▶ [Instructions to follow]:
Return all the data verbatim but without images.

▶ [Available records]:
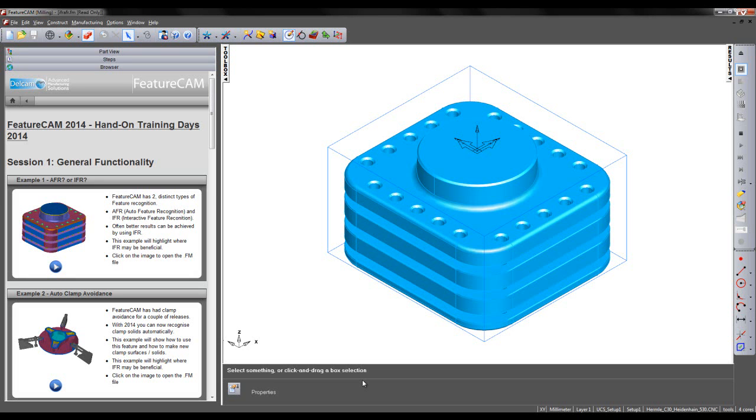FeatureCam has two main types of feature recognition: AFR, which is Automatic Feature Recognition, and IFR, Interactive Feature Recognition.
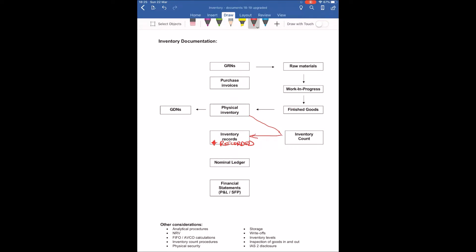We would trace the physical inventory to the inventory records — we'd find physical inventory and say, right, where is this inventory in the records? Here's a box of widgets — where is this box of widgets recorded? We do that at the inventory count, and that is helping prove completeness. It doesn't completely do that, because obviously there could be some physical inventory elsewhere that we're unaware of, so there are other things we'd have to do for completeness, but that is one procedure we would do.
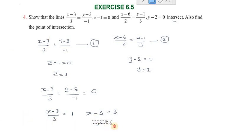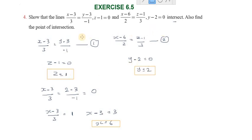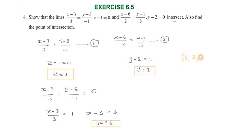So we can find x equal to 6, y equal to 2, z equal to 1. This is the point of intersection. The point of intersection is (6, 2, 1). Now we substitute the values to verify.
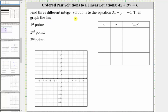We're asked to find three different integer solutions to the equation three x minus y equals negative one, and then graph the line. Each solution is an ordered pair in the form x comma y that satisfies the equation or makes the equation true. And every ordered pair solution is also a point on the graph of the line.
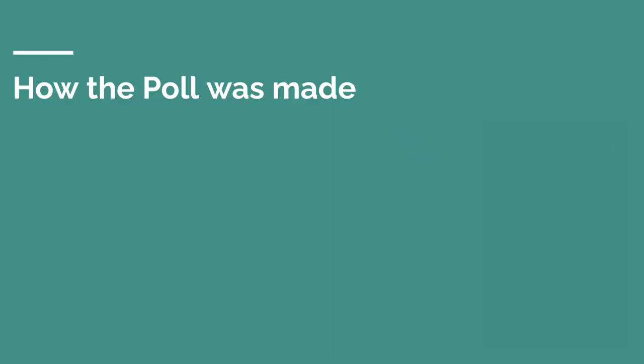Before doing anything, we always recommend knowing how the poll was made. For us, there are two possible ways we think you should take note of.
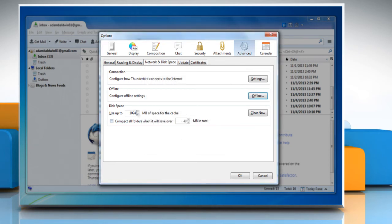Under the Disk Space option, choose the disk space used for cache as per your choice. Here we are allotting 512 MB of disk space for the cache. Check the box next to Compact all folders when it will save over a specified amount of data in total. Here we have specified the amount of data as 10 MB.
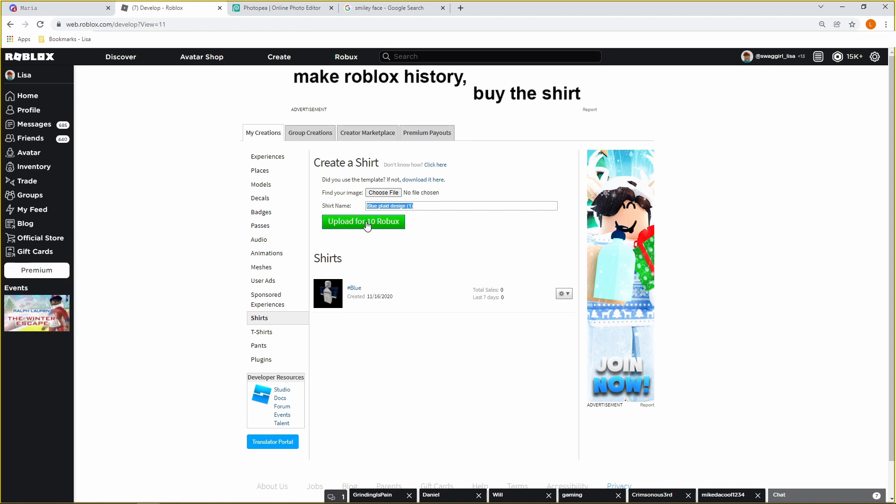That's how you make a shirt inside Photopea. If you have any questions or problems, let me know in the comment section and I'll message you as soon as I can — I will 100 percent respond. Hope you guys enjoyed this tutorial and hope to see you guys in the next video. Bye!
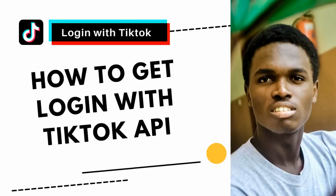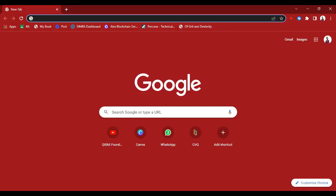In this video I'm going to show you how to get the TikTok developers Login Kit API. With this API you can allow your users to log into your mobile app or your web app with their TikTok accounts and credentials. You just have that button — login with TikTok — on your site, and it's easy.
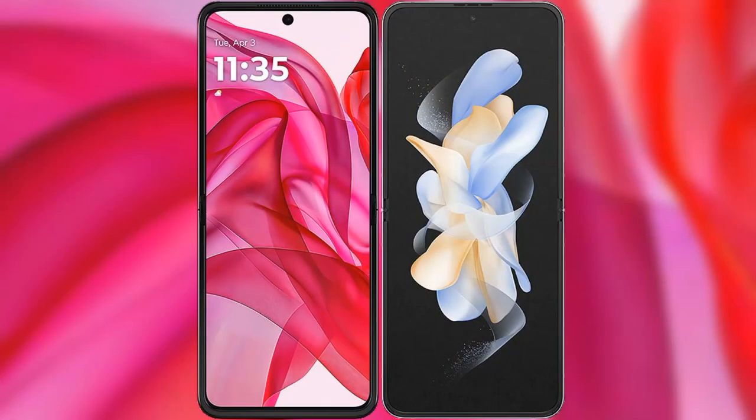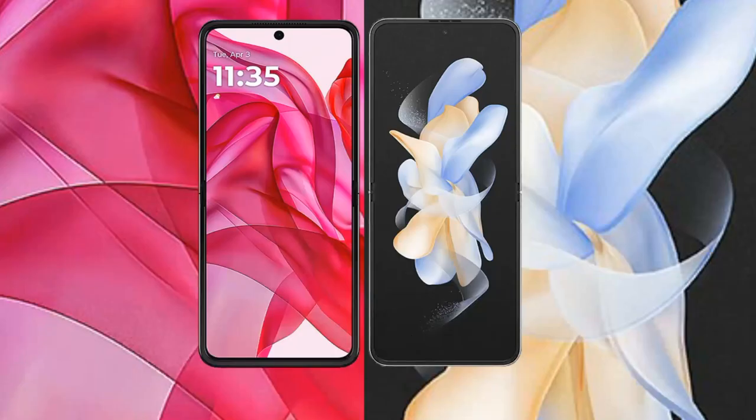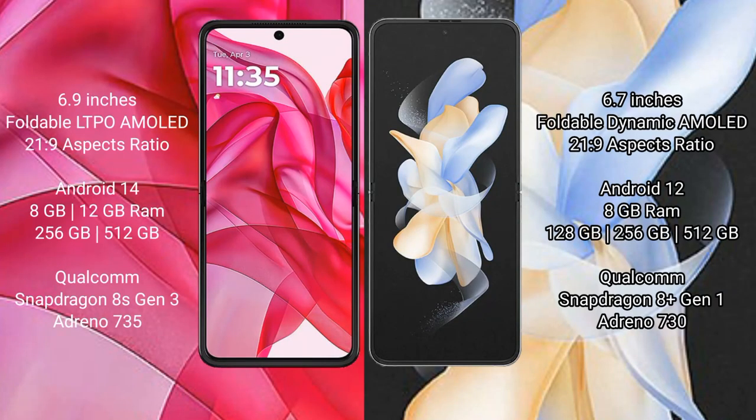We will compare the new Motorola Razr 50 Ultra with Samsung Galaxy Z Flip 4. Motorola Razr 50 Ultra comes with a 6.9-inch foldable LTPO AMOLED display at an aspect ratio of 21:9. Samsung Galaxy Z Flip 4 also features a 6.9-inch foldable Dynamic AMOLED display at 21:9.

▶ [Reply to the exercise]:
FeatureCam has two main types of feature recognition: AFR, which is Automatic Feature Recognition, and IFR, Interactive Feature Recognition.
We would trace the physical inventory to the inventory records — we'd find physical inventory and say, right, where is this inventory in the records? Here's a box of widgets — where is this box of widgets recorded? We do that at the inventory count, and that is helping prove completeness. It doesn't completely do that, because obviously there could be some physical inventory elsewhere that we're unaware of, so there are other things we'd have to do for completeness, but that is one procedure we would do.
So we can find x equal to 6, y equal to 2, z equal to 1. This is the point of intersection. The point of intersection is (6, 2, 1). Now we substitute the values to verify.
We're asked to find three different integer solutions to the equation three x minus y equals negative one, and then graph the line. Each solution is an ordered pair in the form x comma y that satisfies the equation or makes the equation true. And every ordered pair solution is also a point on the graph of the line.
Before doing anything, we always recommend knowing how the poll was made. For us, there are two possible ways we think you should take note of.
Under the Disk Space option, choose the disk space used for cache as per your choice. Here we are allotting 512 MB of disk space for the cache. Check the box next to Compact all folders when it will save over a specified amount of data in total. Here we have specified the amount of data as 10 MB.
That's how you make a shirt inside Photopea. If you have any questions or problems, let me know in the comment section and I'll message you as soon as I can — I will 100 percent respond. Hope you guys enjoyed this tutorial and hope to see you guys in the next video. Bye!
In this video I'm going to show you how to get the TikTok developers Login Kit API. With this API you can allow your users to log into your mobile app or your web app with their TikTok accounts and credentials. You just have that button — login with TikTok — on your site, and it's easy.
We will compare the new Motorola Razr 50 Ultra with Samsung Galaxy Z Flip 4. Motorola Razr 50 Ultra comes with a 6.9-inch foldable LTPO AMOLED display at an aspect ratio of 21:9. Samsung Galaxy Z Flip 4 also features a 6.9-inch foldable Dynamic AMOLED display at 21:9.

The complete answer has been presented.